§ Task objective
Starting at the first line of the data and ending at the line with "LEG AVENUE Sexy", copy each line exactly. Include both of those lines, but no pictures.

§ Data records
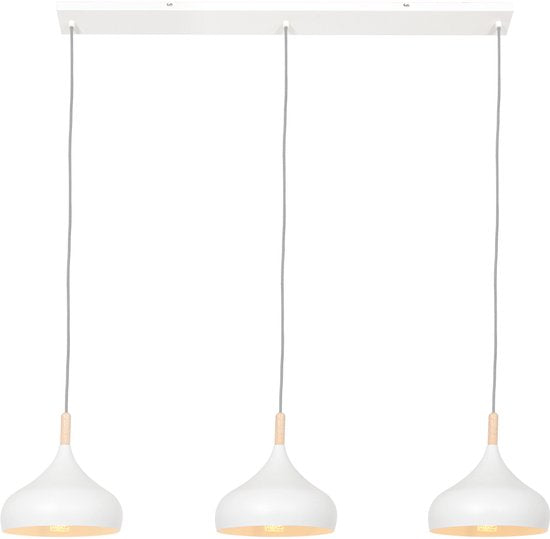 Mexlite - lampe suspendue - Bjorr - blanc - bois métal - grande lampe de table de salle à manger - E27 - 3099W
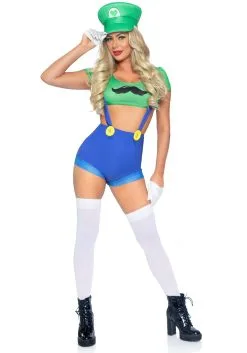 LEG AVENUE Sexy Piece Green Gamer Babe Costume For Women -FUN COSTUMES Store sexy piece green gamer babe womens costume alt 2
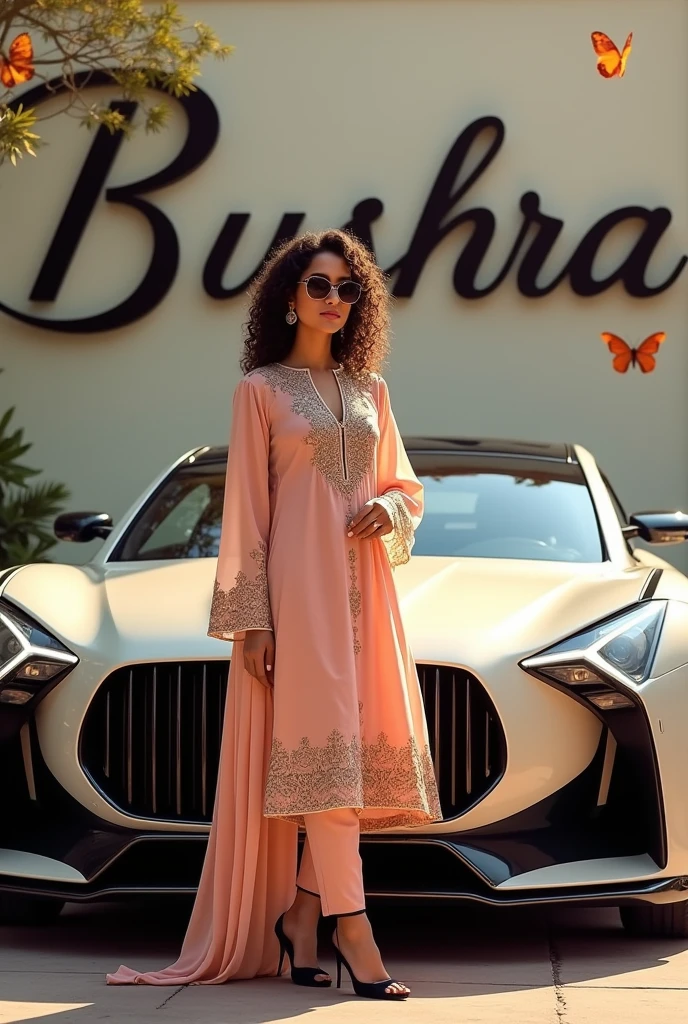 Here's a rewritten prompt in English:
"A beautiful young lady with curly hair and decent makeup and water sunglasses is standing next to a luxury unique car and a name 'Bushra' written to vest funt on it. She's wearing a stunning peach- designing shlwar qameez suit with intricate designs and black heel shoes. The car is parked in a picturesque setting with colorful butterflies flying around and 'Bushra' written in bold, cursive font on the wall behind her. The scene exudes elegance and sophistication."
Let me know if you'd like me to generate an image based on this prompt!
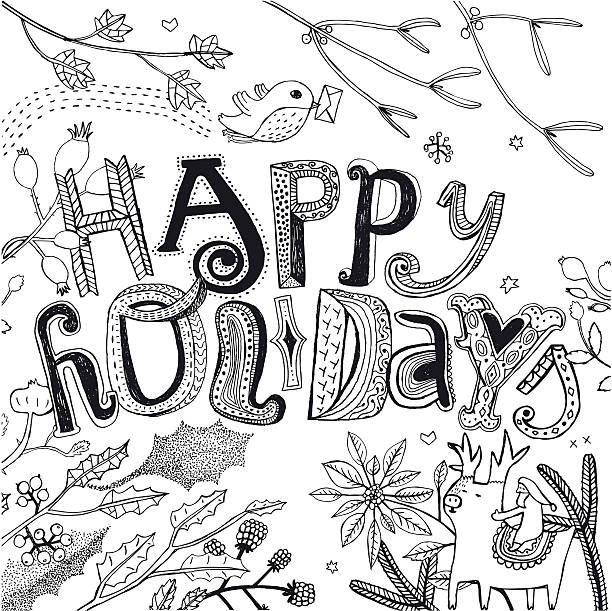Happy Holidays design with holly, robin, santa and reindeer. Vector file. Colouring page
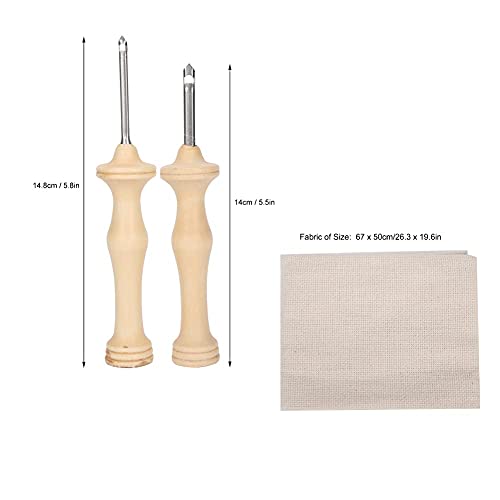 Juego de 2 agujas para perforar bordados con tela de monje, bolígrafos perforadores para bordar, herramienta para tejer con mango de madera 26,3 x 19,6 pulgadas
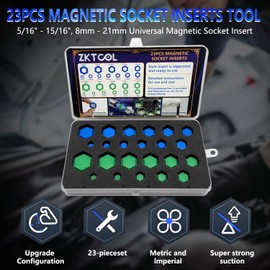 ZKTOOL 23PCS Magnetic Socket, Inserts for SAE and Metric, 5/16" - 15/16", 8MM - 21MM, Universal Magnetic Socket Head, Split Sleeve Design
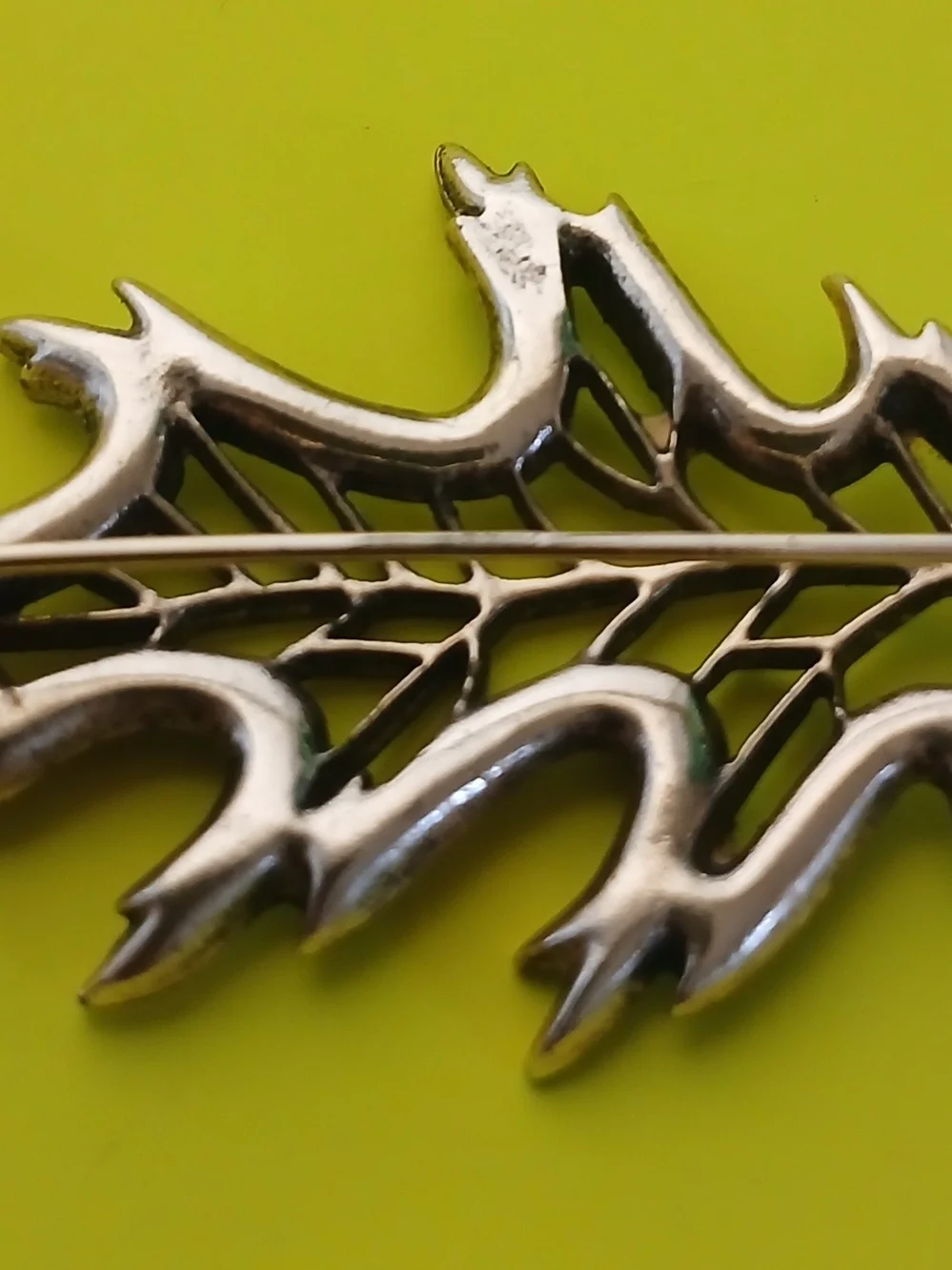 Silver-Tone Leaf Filigree Brooch - Women's Jewelry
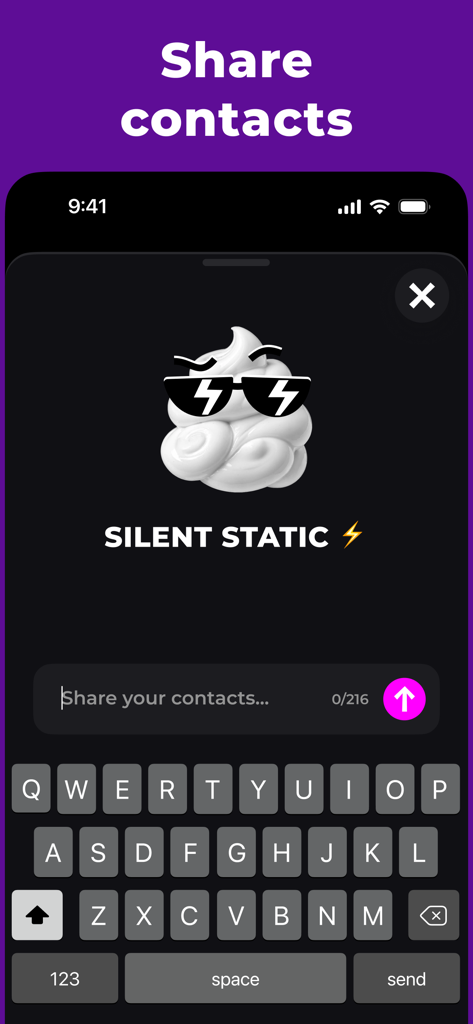 Interfaz de la aplicación Voisa para compartir detalles de contacto con un usuario llamado Silent Static.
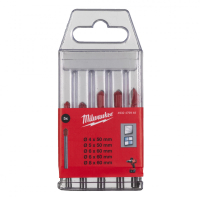 Milwaukee glass and tile drill set GENII 1x4x50, 1x5x50, 2x6x60, 1x8x60, 5 pcs (4932479948)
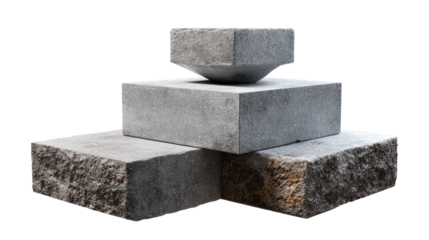 Stone Cubes Composition: An abstract composition of gray stone cubes of varying sizes, showcasing the raw texture and geometric interplay of natural materials and creating a minimalist aesthetic.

§ Response box
 Mexlite - lampe suspendue - Bjorr - blanc - bois métal - grande lampe de table de salle à manger - E27 - 3099W
 LEG AVENUE Sexy Piece Green Gamer Babe Costume For Women -FUN COSTUMES Store sexy piece green gamer babe womens costume alt 2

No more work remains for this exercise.